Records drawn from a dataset
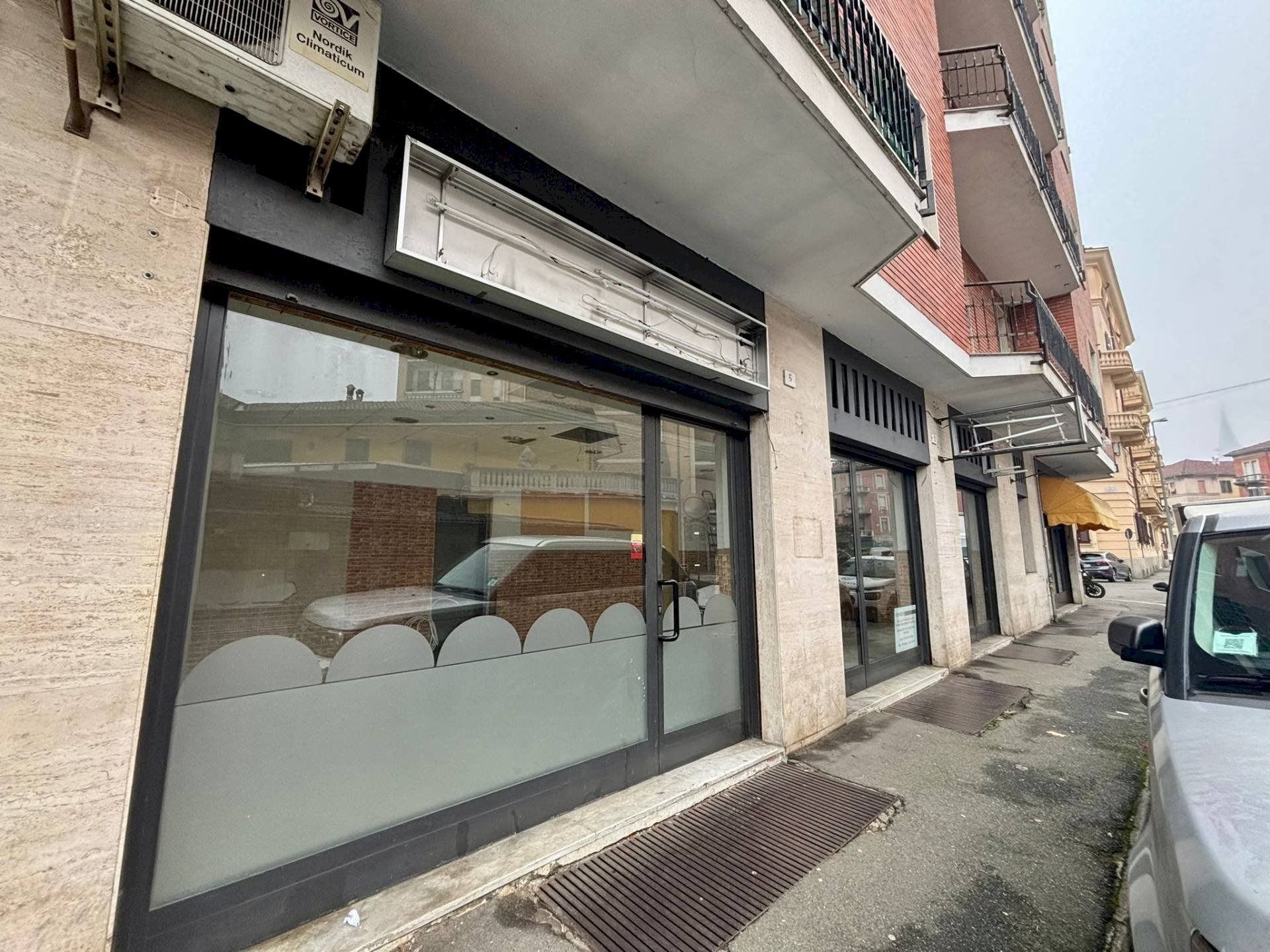 Foto 2 - Commercial Premises Alessandria - photo 2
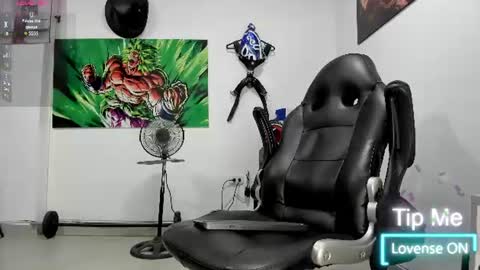 LOGAN WHITTERS online show from 24, 6, 2026
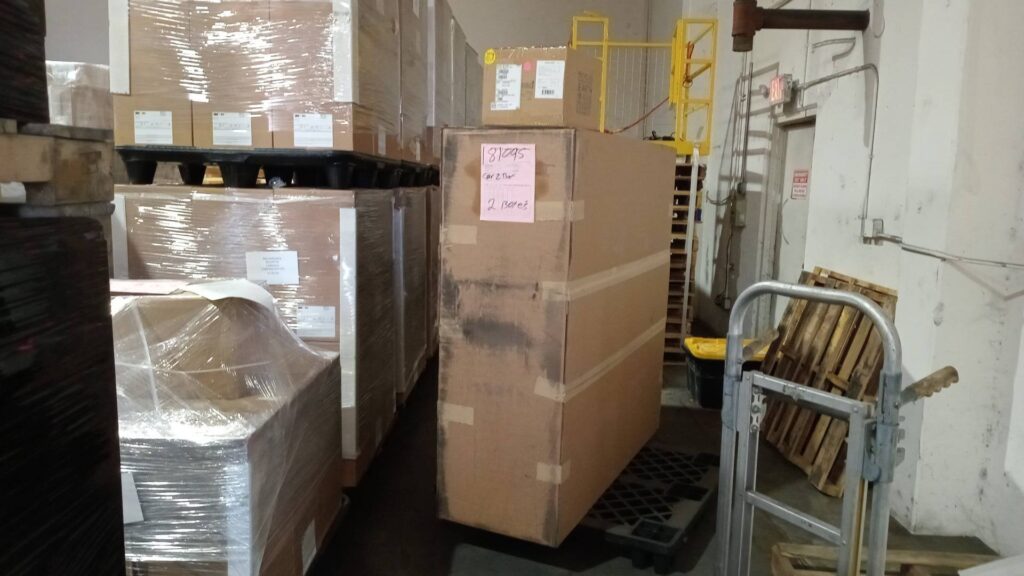 然而對未來願景的希望卻在面對跨國搬家時遇到了現實的考驗,首先是台灣高房價的挑戰,儘管張小姐位於美國華府DC特區郊區的透天洋房價值不菲,但將其賣掉所得仍不足以購買台北板橋一棟相同規格的三房兩廳公寓,一邊是透天洋房擁有前後院子及停車庫,另一邊是老舊公寓,台灣高不可攀的房價,一度成為她返鄉路上的巨大阻礙。 然而對未來願景的希望卻在面對跨國搬家時遇到了現實的考驗,首先是台灣高房價的挑戰,儘管張小姐位於美國華府DC特區郊區的透天洋房價值不菲,但將其賣掉所得仍不足以購買台北板橋一棟相同規格的三房兩廳公寓,一邊是透天洋房擁有前後院子及停車庫,另一邊是老舊公寓,台灣高不可攀的房價,一度成為她返鄉路上的巨大阻礙。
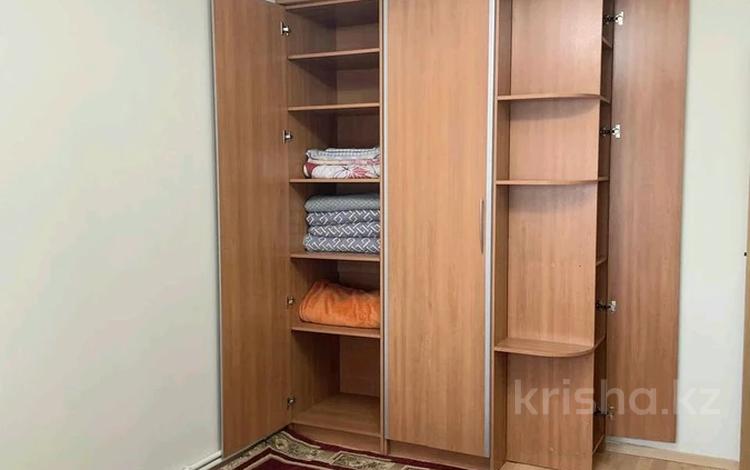 3-комнатная квартира · 70 м² · 3/3 этаж, Байтурсынова 2 — Туркестанская за 200 000 ₸ в Шымкенте — фото 2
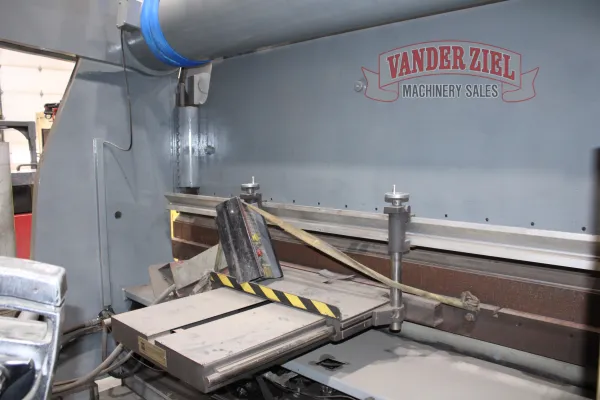 Accurpress 14' x 400 Ton Hydraulic Press Brake, Model 740012 - Gallery Thumbnail 7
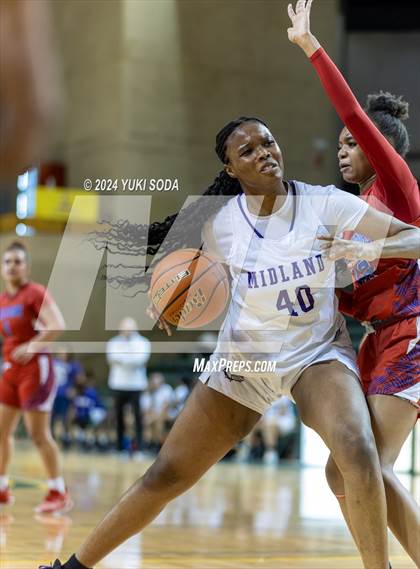 Thumbnail 3 in Cooper vs. Midland (Byron Johnston Holiday Classic) photogallery.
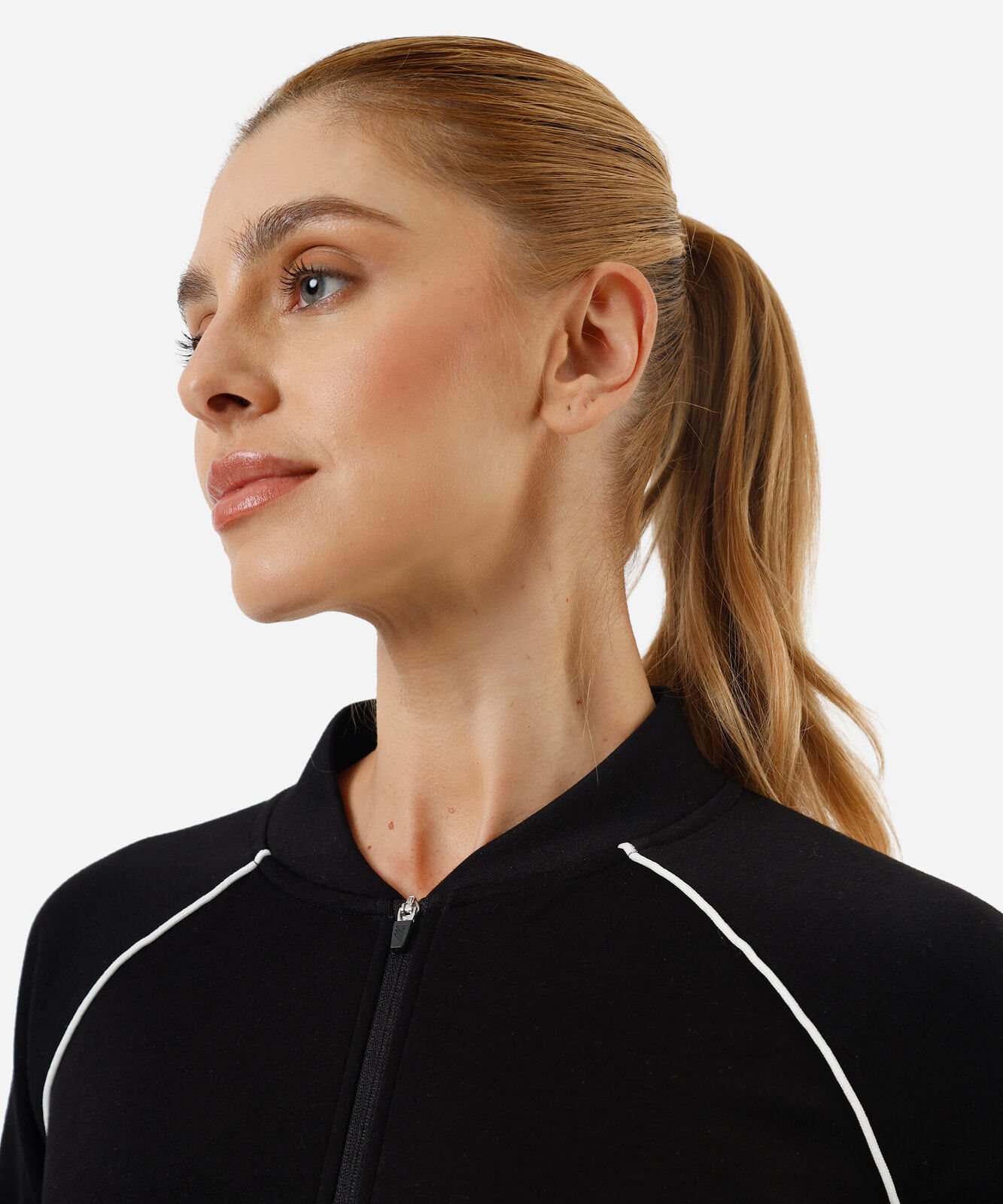 jaqueta feminina esportiva ace com nervura preta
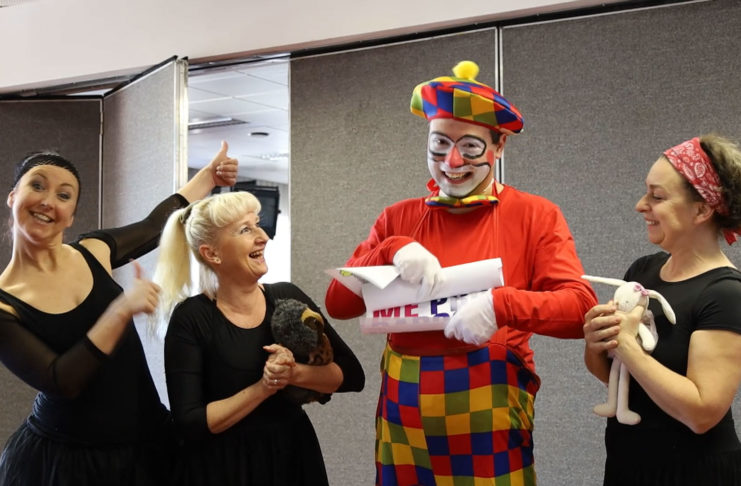 VIDEO S KLAUNEM LÁKÁ K ZÁPISU DO ZUŠ JAROSLAVA KOCIANA V ÚSTÍ NAD ORLICÍ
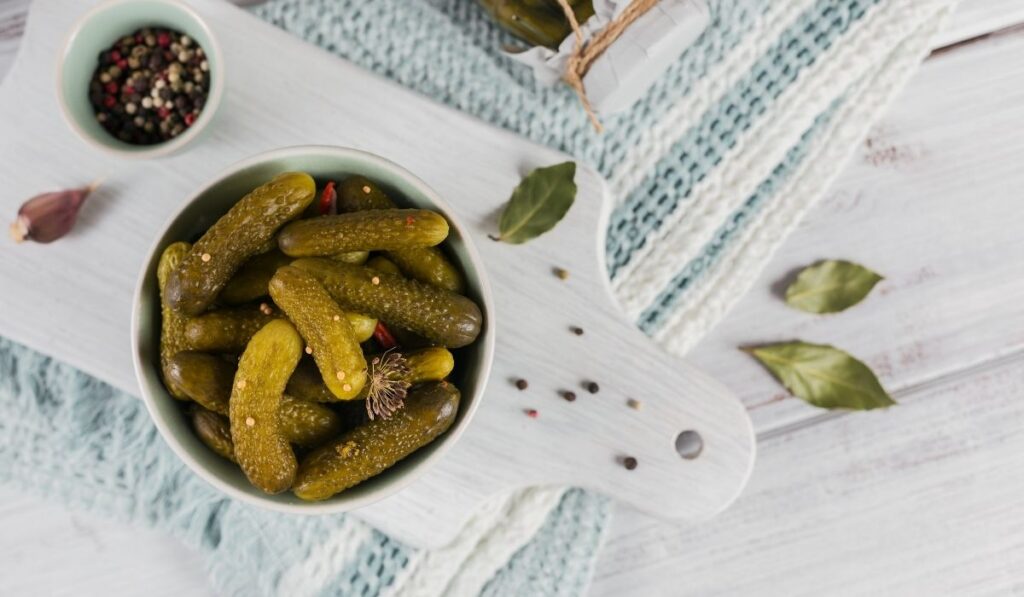 pickled gherkins cucumber in a bowl - ee220320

| Problem statement |
Although the records hold pictures, return only what remains, word for word.

| Exercise result |
 Foto 2 - Commercial Premises Alessandria - photo 2
 LOGAN WHITTERS online show from 24, 6, 2026
 然而對未來願景的希望卻在面對跨國搬家時遇到了現實的考驗,首先是台灣高房價的挑戰,儘管張小姐位於美國華府DC特區郊區的透天洋房價值不菲,但將其賣掉所得仍不足以購買台北板橋一棟相同規格的三房兩廳公寓,一邊是透天洋房擁有前後院子及停車庫,另一邊是老舊公寓,台灣高不可攀的房價,一度成為她返鄉路上的巨大阻礙。 然而對未來願景的希望卻在面對跨國搬家時遇到了現實的考驗,首先是台灣高房價的挑戰,儘管張小姐位於美國華府DC特區郊區的透天洋房價值不菲,但將其賣掉所得仍不足以購買台北板橋一棟相同規格的三房兩廳公寓,一邊是透天洋房擁有前後院子及停車庫,另一邊是老舊公寓,台灣高不可攀的房價,一度成為她返鄉路上的巨大阻礙。
 3-комнатная квартира · 70 м² · 3/3 этаж, Байтурсынова 2 — Туркестанская за 200 000 ₸ в Шымкенте — фото 2
 Accurpress 14' x 400 Ton Hydraulic Press Brake, Model 740012 - Gallery Thumbnail 7
 Thumbnail 3 in Cooper vs. Midland (Byron Johnston Holiday Classic) photogallery.
 jaqueta feminina esportiva ace com nervura preta
 VIDEO S KLAUNEM LÁKÁ K ZÁPISU DO ZUŠ JAROSLAVA KOCIANA V ÚSTÍ NAD ORLICÍ
 pickled gherkins cucumber in a bowl - ee220320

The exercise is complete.